The Group Chief Executive of the Nigerian National Petroleum Company Limited (NNPCL), Bayo Ojulari, has attributed the recent cooking gas scarcity in Nigeria to disruptions caused by the PENGASSAN strike. The industrial action halted operations for several days, resulting in an “artificial” price increase.
In Lagos, cooking gas prices have surged to between ₦2,500 and ₦3,000 per kilogram, with many filling stations and gas plants out of stock. Only street vendors remain, selling limited supplies at inflated rates. The PENGASSAN strike began over the dismissal of Nigerian workers by the Dangote Refinery but was suspended on October 1 after Federal Government intervention.
“The increase you saw was relatively artificial because, for the period of the strike, movements and loading were delayed by about two, three days,” Ojulari told State House correspondents on Sunday, after a meeting with President Bola Tinubu.

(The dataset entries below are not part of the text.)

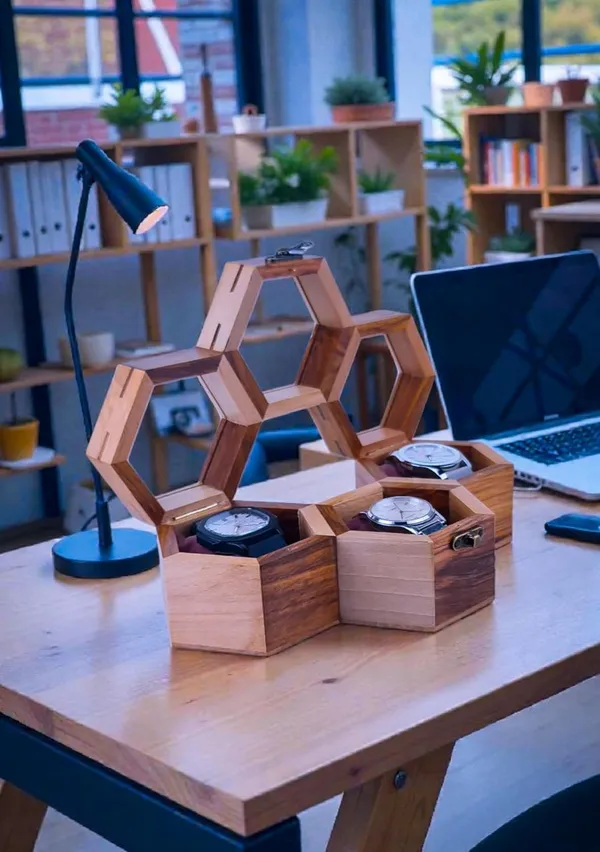 Wooden_Watch_Box_With_Display_Stand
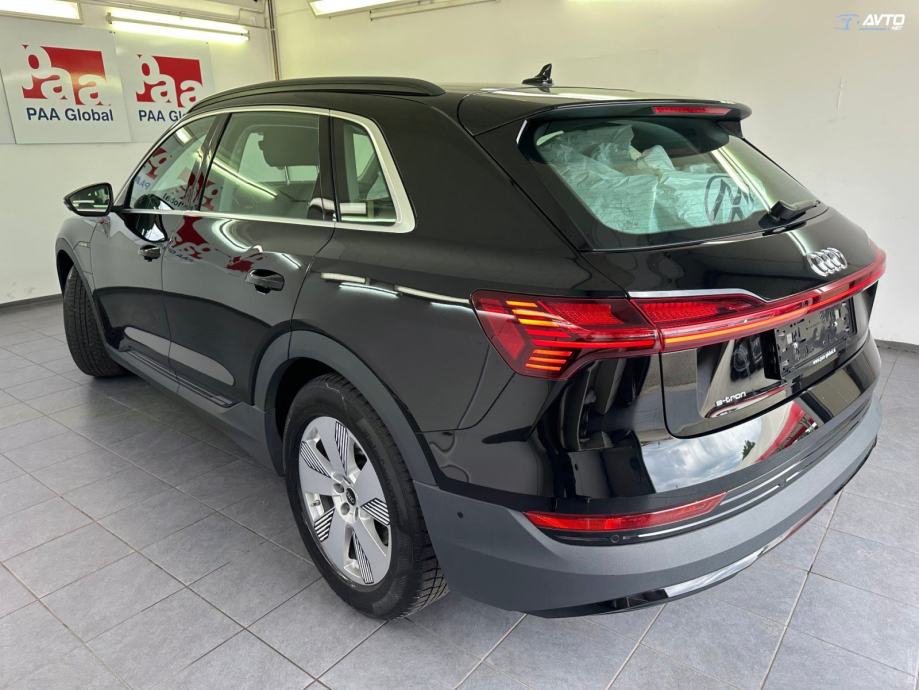 Audi e-tron quattro 50 electric 230kW.NEMAČKI+4ALU.KAMERA.LED, fotografija 5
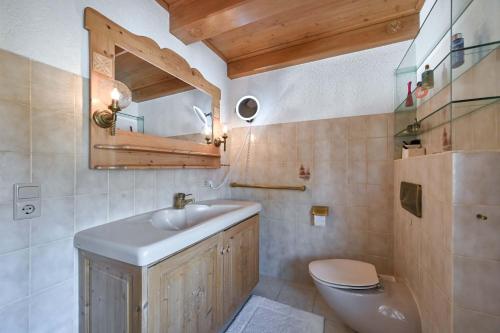 A bathroom at Haus Bella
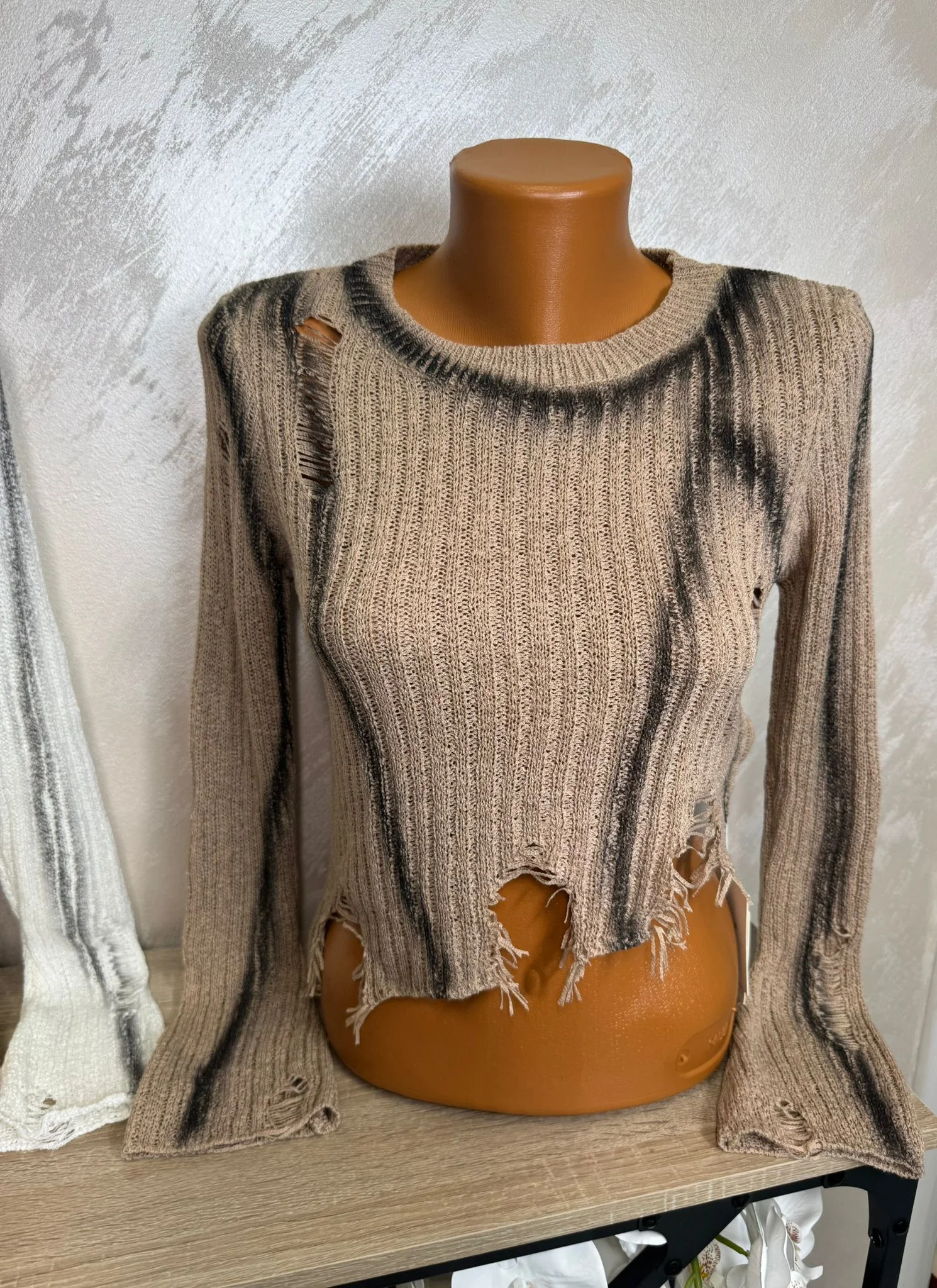 Pulover damă cropped stil destroyed cu efect prespălat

“And because of that, you see that impact. As things return to normal, it takes some time for distribution to be fully restored,” he added.
The NNPCL boss also berated opportunistic retailers for exploiting the shortfall to hike prices, assuring Nigerians that as supply chains stabilise, the cooking gas price is expected to ease in the coming weeks.
“As you know, in Nigeria, people take opportunity. With that delay, some of the people who had existing resources and reserves had to put up the price. My expectation is that now that things are back to normal, prices should return to what they were before the strike,” the NNPCL CEO stated.